┌──

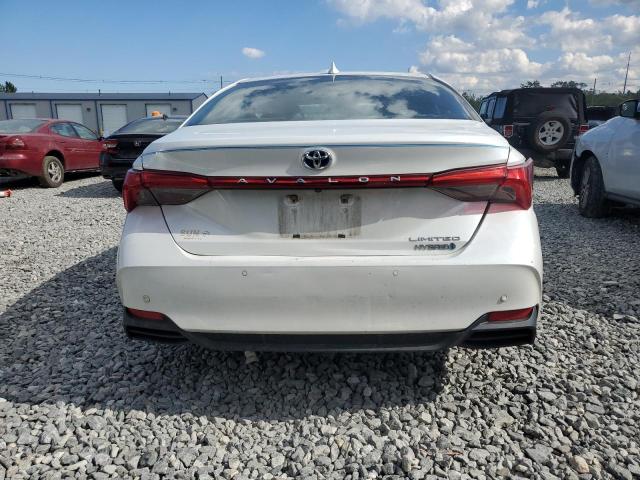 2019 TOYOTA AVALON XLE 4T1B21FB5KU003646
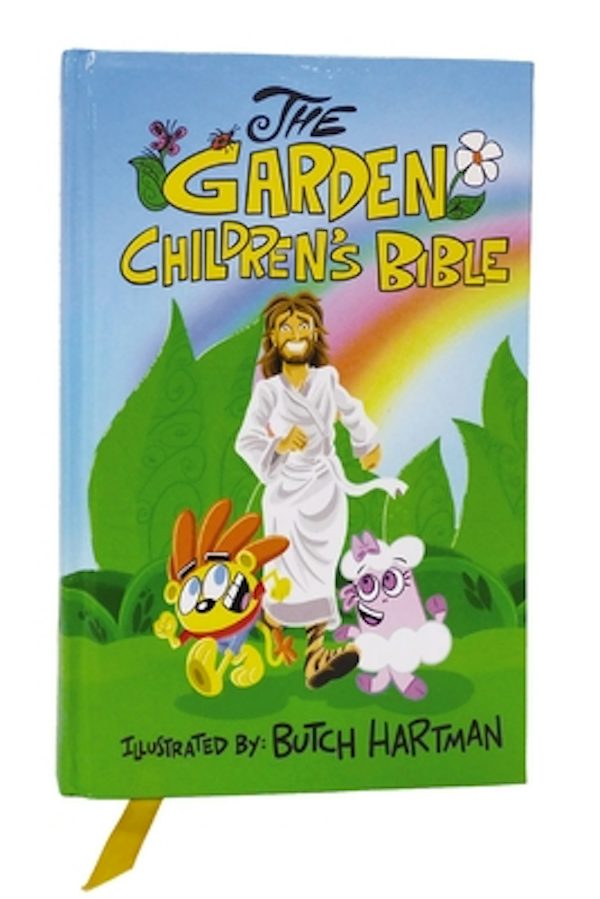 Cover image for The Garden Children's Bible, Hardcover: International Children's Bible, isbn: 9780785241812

└──
┌──

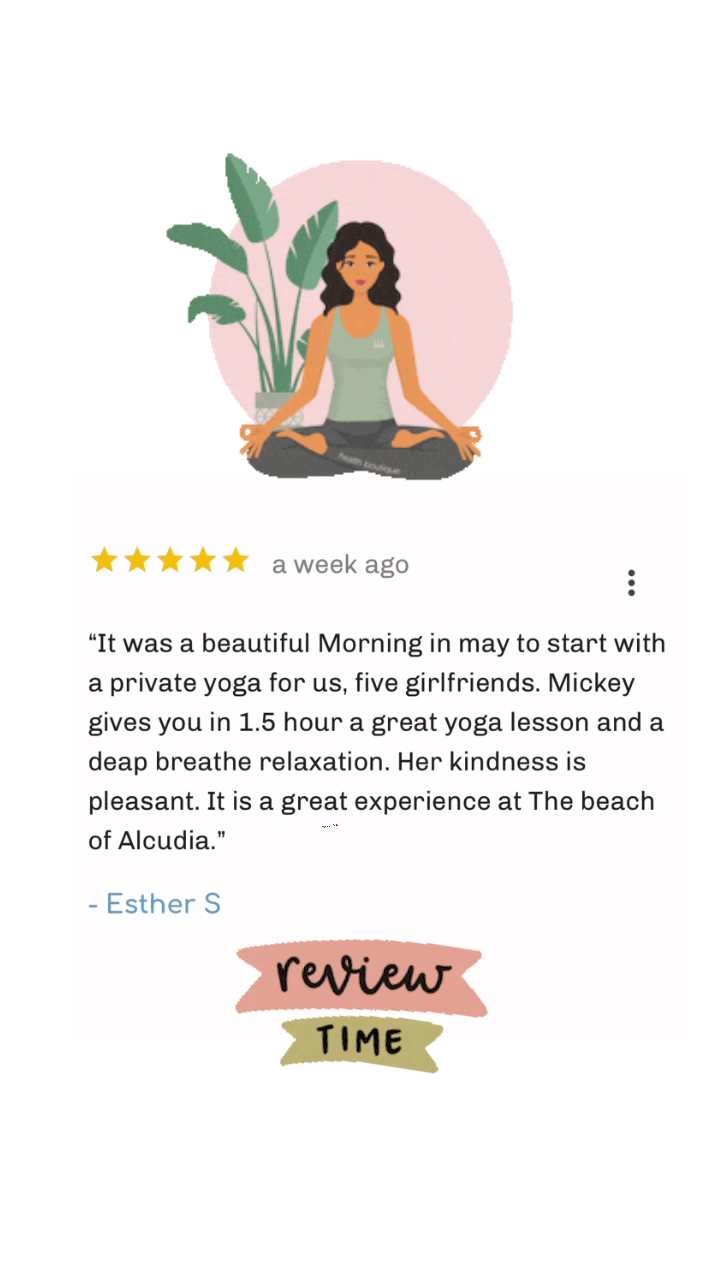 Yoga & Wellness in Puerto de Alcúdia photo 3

└──
┌──

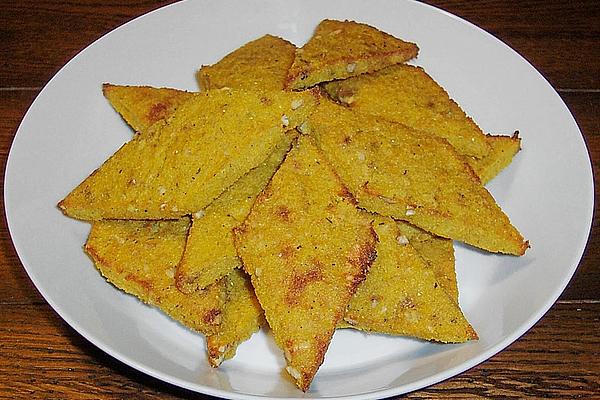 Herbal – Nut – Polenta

└──

*Task to carry out*.
With the pictures omitted, print the lines above exactly, beginning at the line with "2019 TOYOTA AVALON XLE 4T1B21FB5KU003646" and going on through the line with "Cover image for".

*Final answer*.
 2019 TOYOTA AVALON XLE 4T1B21FB5KU003646
 Cover image for The Garden Children's Bible, Hardcover: International Children's Bible, isbn: 9780785241812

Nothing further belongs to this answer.